━━━━━ Data excerpts ━━━━━

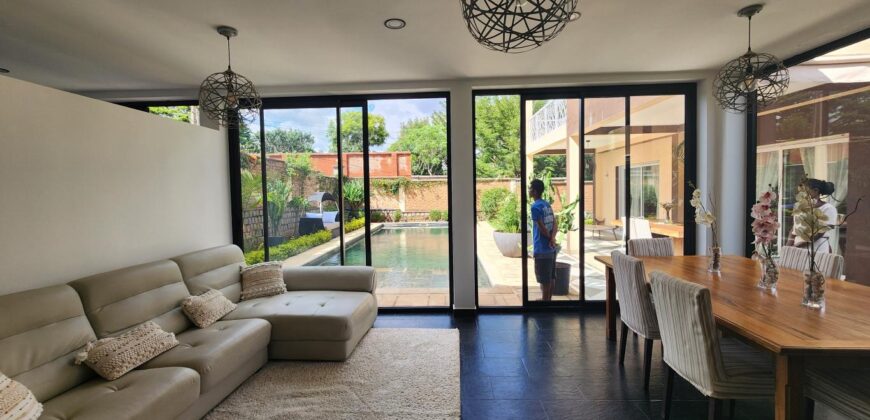 À louer villa T6 meublée de standing F6 avec piscine, située à Mandrosoa Ivato,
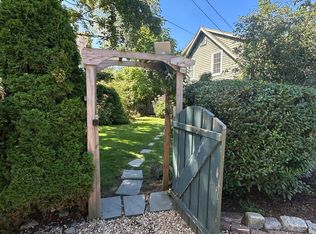 1 Pigeon Hill Ct #B, Rockport, MA 01966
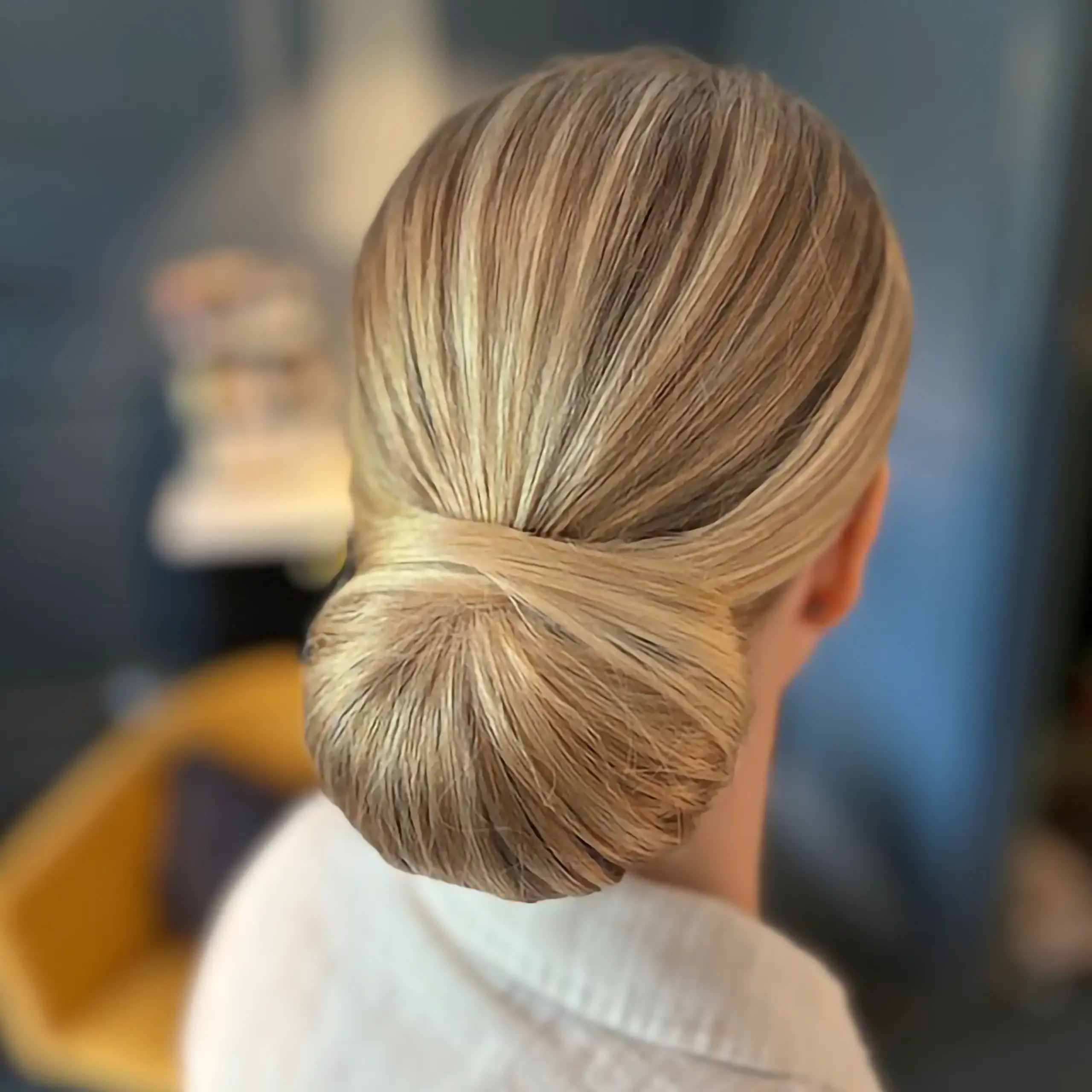 Brudsminkning med Pur Minerals – naturlig skönhet som håller. På Pompadour Lounge i Västerås hjälper dig glänsa på dig bröllopsdag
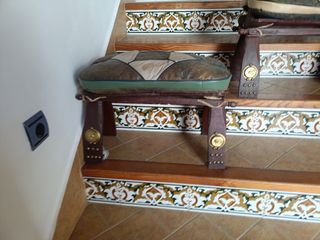 2 Banquetas moriscas - Piel y Madera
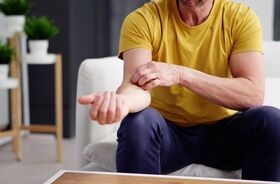 Mężczyzna z wysypką i świądem skóry, alergia na nikiel, objawy alergii na nikiel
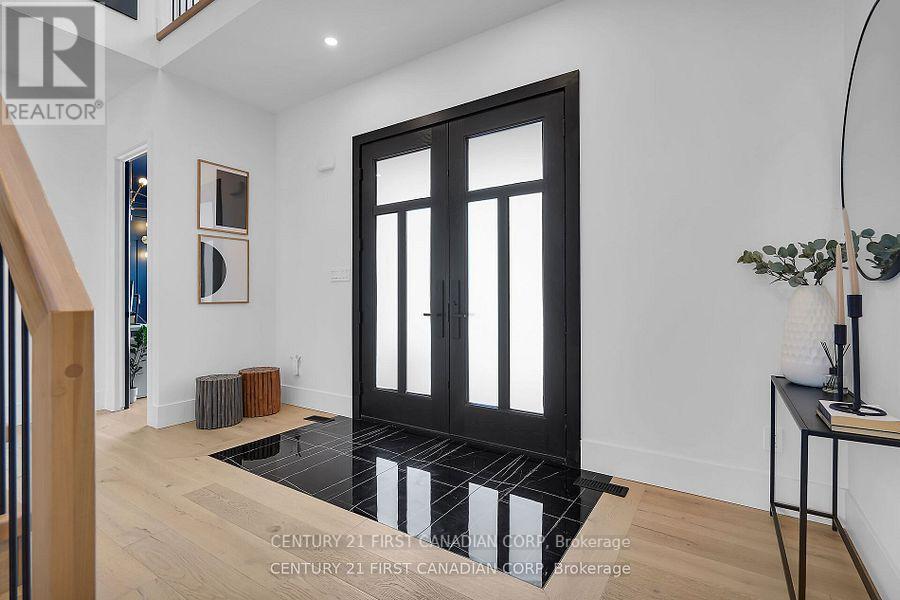 Photo de la propriété: 1741 Upper West Avenue ON N6K 0J2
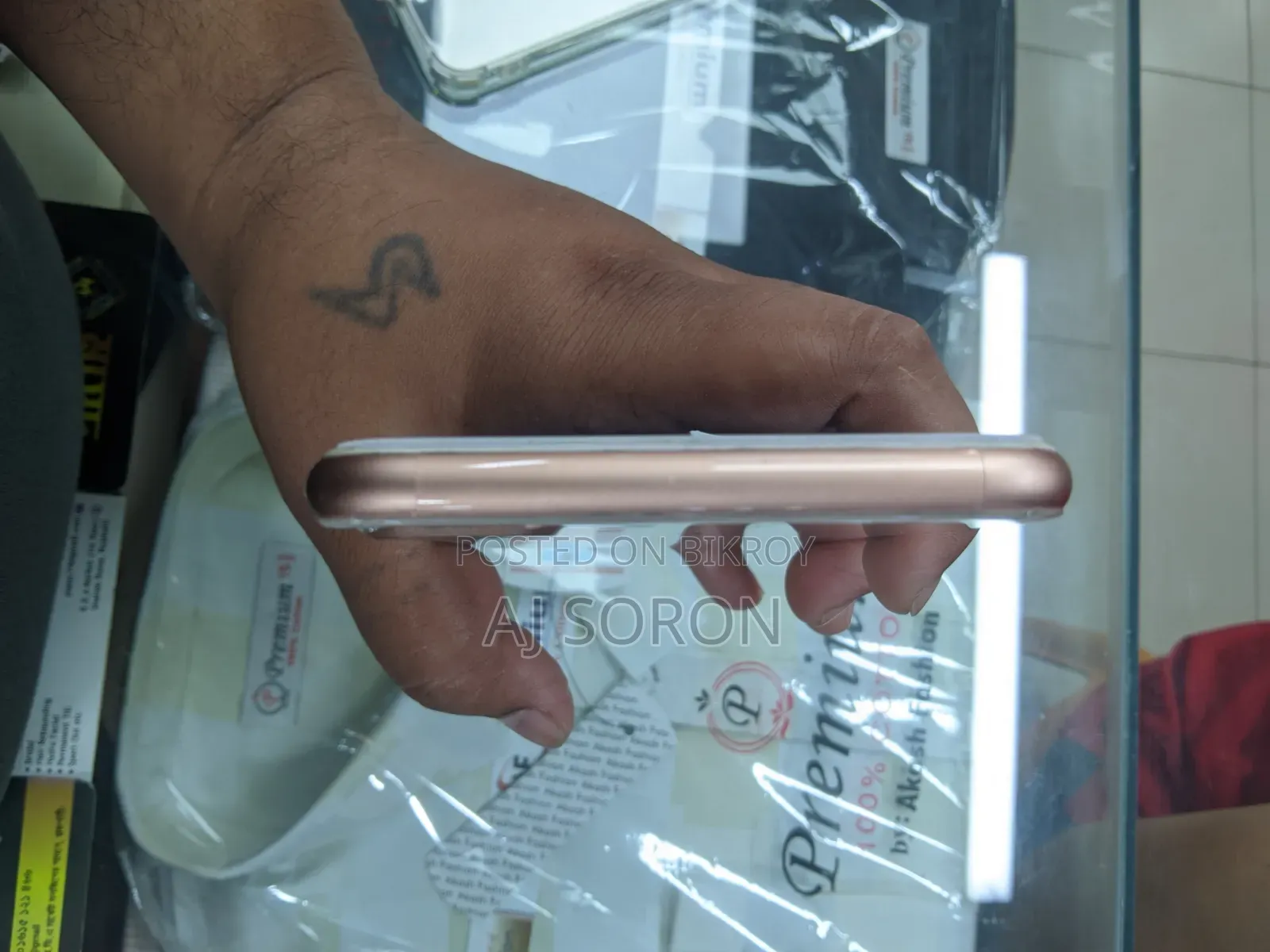 Apple iPhone 8 Plus 64 GB Gold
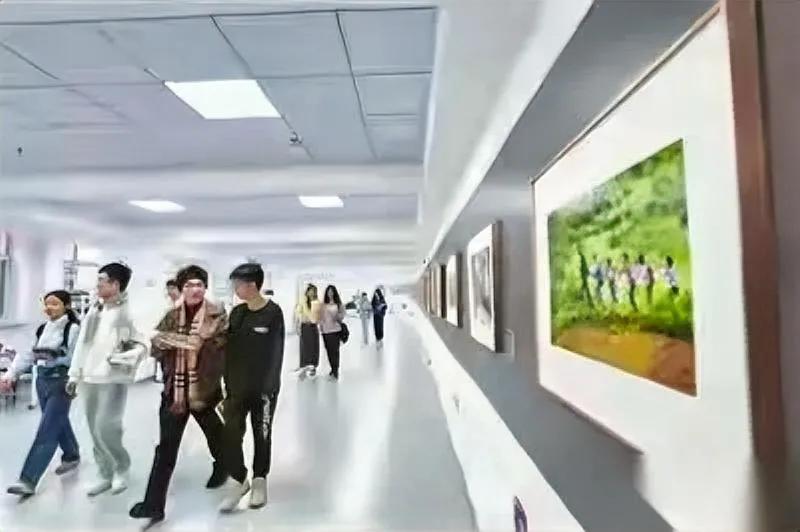 东北零下20度大学生穿单衣上课你猜咋回事？不是科幻片，是哈工大刚通的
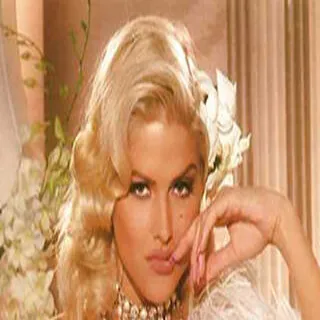 Anna Nicole Smith porno yıldızı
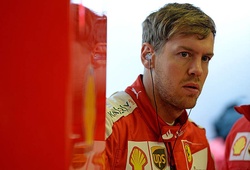 Vettel khó chịu trước sức mạnh của Hamilton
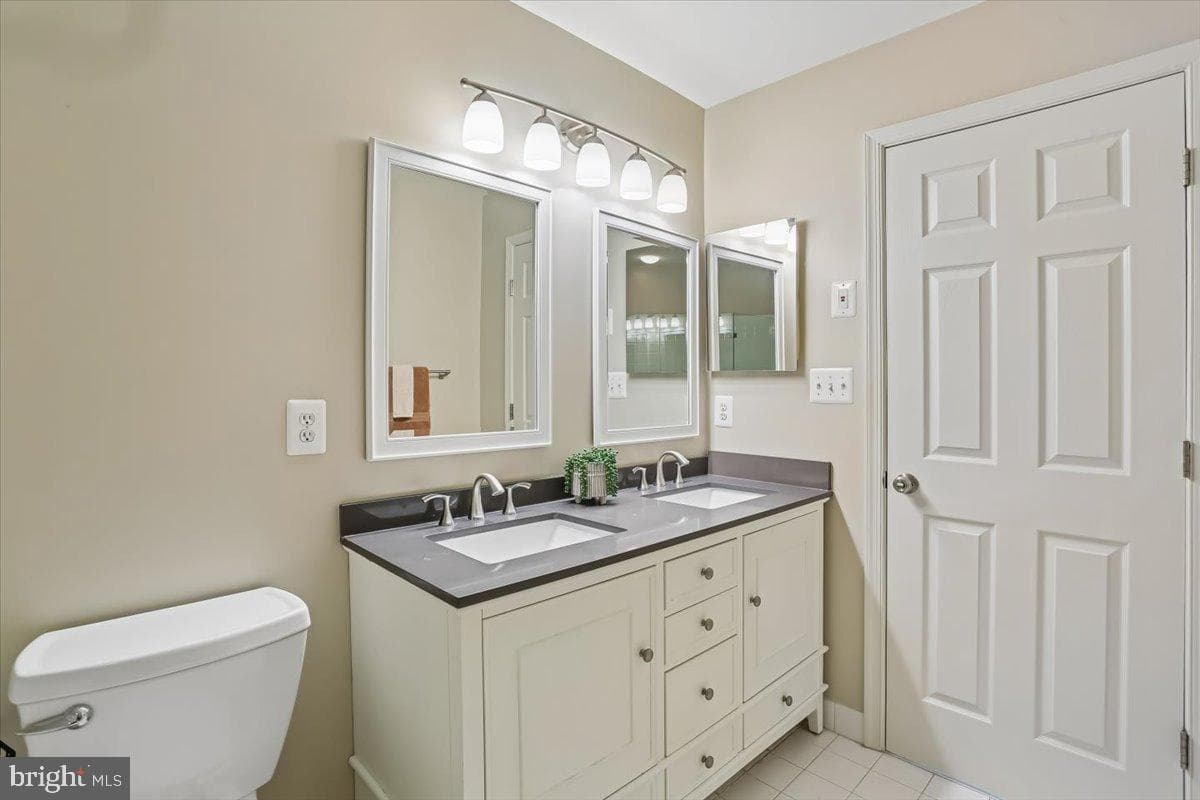 723 Main Street #723-B photo 23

━━━━━

▶ **Task brief**:
Output nothing except an exact copy of the records above, with the images left out.

▶ **Output**:
 À louer villa T6 meublée de standing F6 avec piscine, située à Mandrosoa Ivato,
 1 Pigeon Hill Ct #B, Rockport, MA 01966
 Brudsminkning med Pur Minerals – naturlig skönhet som håller. På Pompadour Lounge i Västerås hjälper dig glänsa på dig bröllopsdag
 2 Banquetas moriscas - Piel y Madera
 Mężczyzna z wysypką i świądem skóry, alergia na nikiel, objawy alergii na nikiel
 Photo de la propriété: 1741 Upper West Avenue ON N6K 0J2
 Apple iPhone 8 Plus 64 GB Gold
 东北零下20度大学生穿单衣上课你猜咋回事？不是科幻片，是哈工大刚通的
 Anna Nicole Smith porno yıldızı
 Vettel khó chịu trước sức mạnh của Hamilton
 723 Main Street #723-B photo 23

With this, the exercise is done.